▶ _Task objective_
In the entries that follow, repeat exactly the lines from the one that has "If profit for" through the one that has "If the alpha", but omit pictures.

Extracted data entries:
——
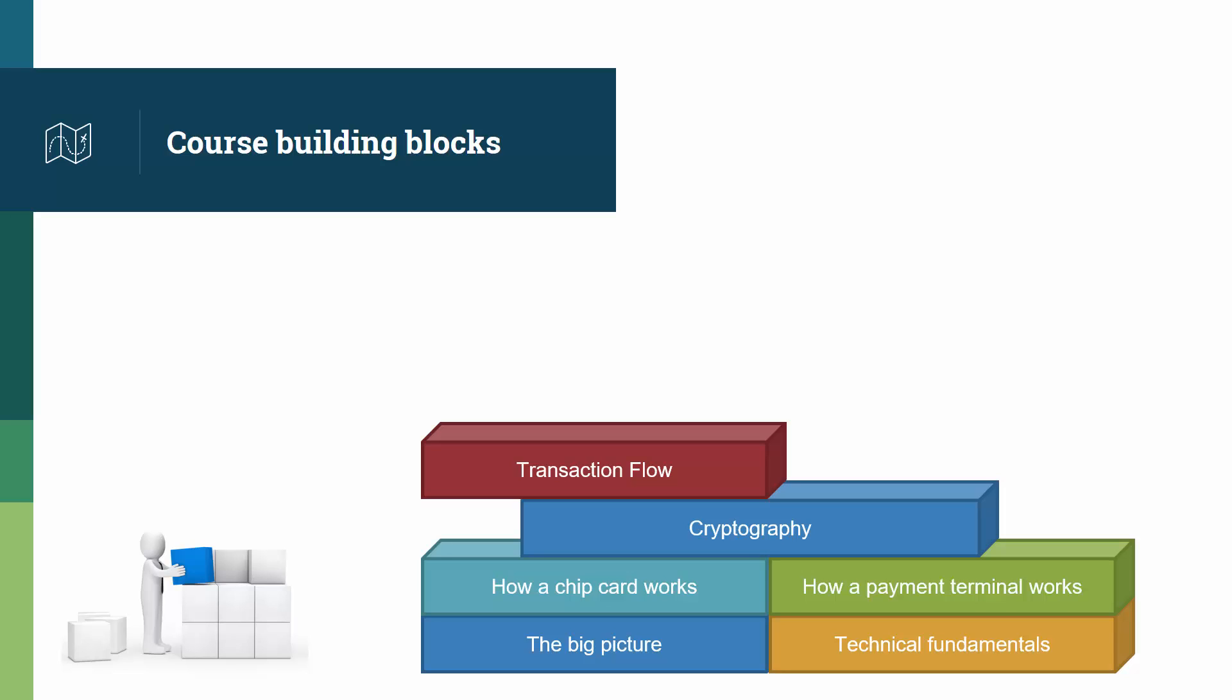Then we start going into the transactions themselves, starting with the high-level transaction flow to see how things fit together, and getting to the technical understanding of how this also important part of EMV works: TAX.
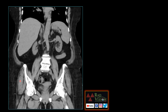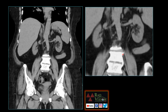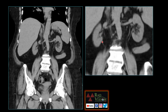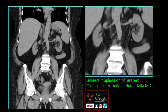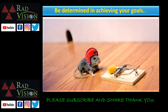Last case: this patient presented with pain abdomen. When we zoom the image clearly you can see there are two ureters on the right side and even two ureters on the left side. This is a case of bilateral duplication of the ureters. Thanks to Dr. V. Lemetta sir for contributing this case. Thank you all.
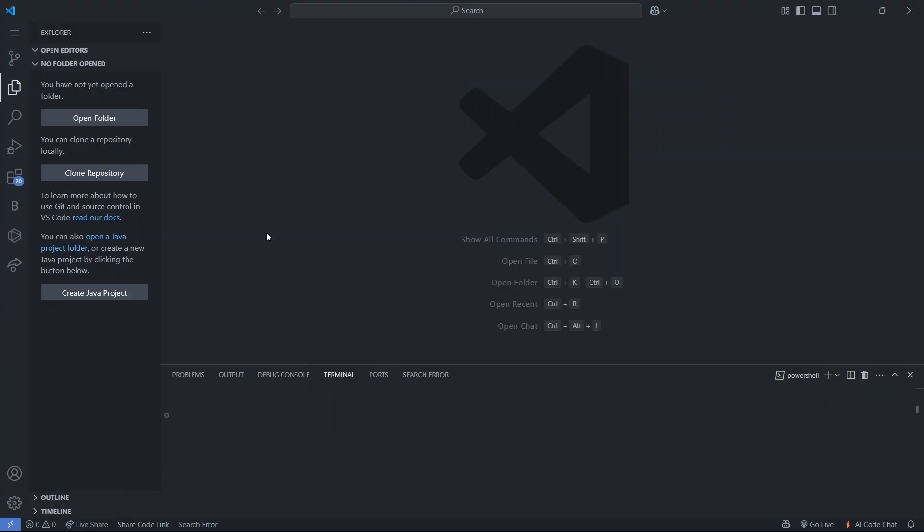Hi guys, welcome to Becodola. In this tutorial I am going to teach you how to set up React plus TypeScript plus Tailwind CSS for your project.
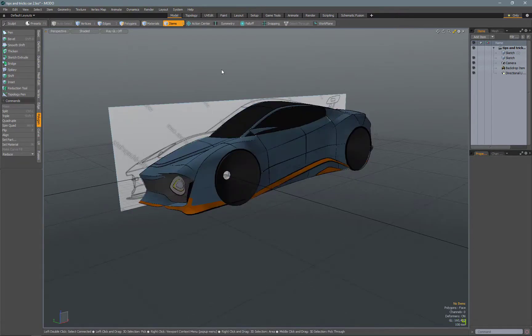Traditionally, I work in Z-up because alias is Z-up and eventually I might bring this into alias and it saves me from having to rotate and scale models later on. And also, most real-world product design objects are usually built in Z-up.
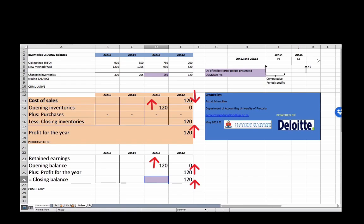If profit for the year increases, the retained earnings balance will also increase. The closing balance of retained earnings at the end of 20x12 will increase by 120. This retained earnings balance is a cumulative balance and takes into account the opening balance plus movements for the year. The opening balance of retained earnings for 20x12 was nil because this company was only incorporated on 1 January 20x12.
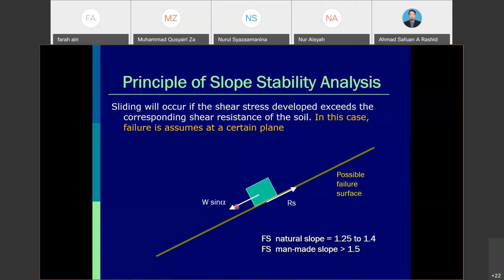If the alpha value increases, the potential for the block to slide increases. For a natural undisturbed slope, the factor of safety ranges from 1.25 to 1.4. For a cutting where we disturb the slope, it should still be less than 1.4. For a man-made slope or filling area, the factor of safety should be greater than 1.5.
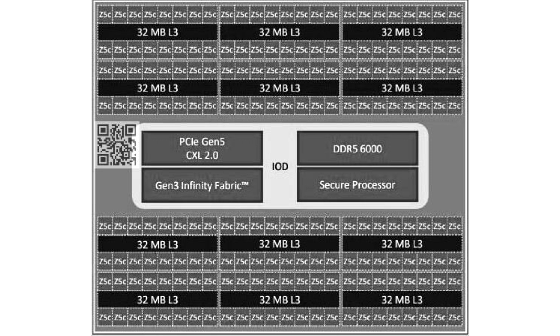Each CCD has 16 Zen 5C cores sharing a 32 megabyte L3 cache. This is interesting, if you recall, the current Zen 4C CCD has two CCX, CPU core complexes, that each has 8 Zen 4C cores sharing a 16 megabytes L3 cache.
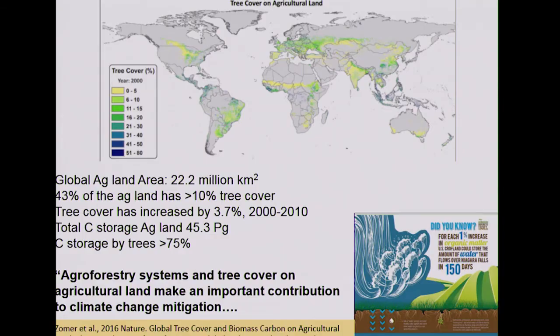A recent study published in Nature used 250-meter resolution MODIS satellite data. It estimated total agricultural land at about 22.2 million square kilometers. Of that, 43 percent of agricultural lands have more than 10 percent tree cover — either alley cropping, individual trees, or near riparian buffers. Because of these trees, their contribution to carbon was greater than 75 percent. From 2000 to 2010, tree cover in agricultural land increased by 3.7 percent, showing the potential of agroforestry for improving soil carbon worldwide.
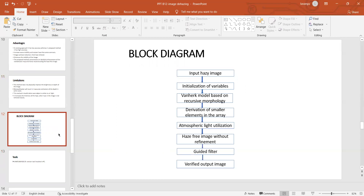The block diagram represents the input haze images, followed by initialization of variables, Van Haze model based on recursive morphology, derivation of smaller elements in the array, atmospheric light utilization, haze-free image without refinement, guided filter, and verified output images. This recursive morphology represents the value of each pixel in the output images based on the comparison of the corresponding pixel in the input images and within its neighbors. The block diagram represents the steps involved in image dehazing using improved dark channel prior and Van Haze model.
——
▶ _Your response_
If profit for the year increases, the retained earnings balance will also increase. The closing balance of retained earnings at the end of 20x12 will increase by 120. This retained earnings balance is a cumulative balance and takes into account the opening balance plus movements for the year. The opening balance of retained earnings for 20x12 was nil because this company was only incorporated on 1 January 20x12.
If the alpha value increases, the potential for the block to slide increases. For a natural undisturbed slope, the factor of safety ranges from 1.25 to 1.4. For a cutting where we disturb the slope, it should still be less than 1.4. For a man-made slope or filling area, the factor of safety should be greater than 1.5.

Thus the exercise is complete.